Para ofrecer una nueva mirada de la colección, Farriol recordó su visita al Metropolitan: “Descubrí allá algunas formas de abordar lo local para que fuera más atractivo, como por ejemplo hacer cruces de épocas, para establecer relaciones con diferentes autores que aborden una misma problemática o temática”.

Así, convocó a tres curadores para que entregaran una propuesta: Juan Manuel Martínez, especialista en el periodo virreinal y siglo XIX; Alberto Madrid, quien aportará una lectura entre la imagen y la palabra, y Patricio Muñoz Zárate, para entregar una mirada desde las obras más contemporáneas.

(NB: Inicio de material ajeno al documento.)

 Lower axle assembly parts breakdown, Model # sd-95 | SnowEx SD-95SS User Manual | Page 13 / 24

Es una muestra que permanecerá por varios años, aunque también está pensada para “que se renueve sola”, dice el director. De hecho, ya se está invitando a otros curadores para que intervengan la colección durante los próximos dos años.

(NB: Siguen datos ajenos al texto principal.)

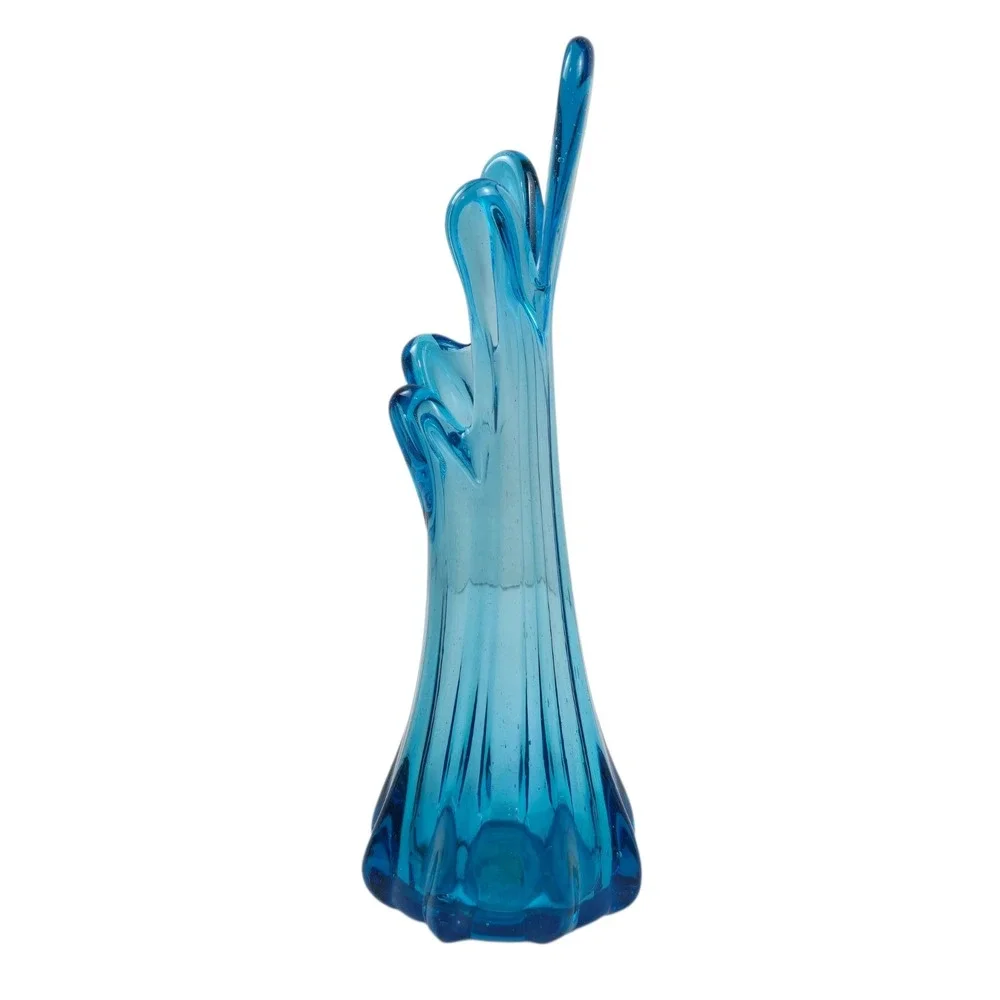 Vintage 60s Art Glass 5 Finger Swung Vase MCM Hand Blown Blue 9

Para Juan Manuel Martínez el desafío fue proponer un recorrido distinto para obras canónicas de la historia del arte local, como el retrato de O’Higgins de José Gil de Castro o “El huaso y la lavandera” de Rugendas. En su curadoría, “El poder de la imagen”, aborda el rol de la imagen en las distintas épocas. Si en el periodo virreinal es un elemento de persuasión y de moralidad, con la instalación de la República es un instrumento de poder. En el caso de Rugendas, forma parte de la construcción del paisaje de Chile y más tarde, con Monvoisin, registra un arte que a mediados del siglo XIX se inclinaba por lo francés y mostraba a la sociedad de ese entonces.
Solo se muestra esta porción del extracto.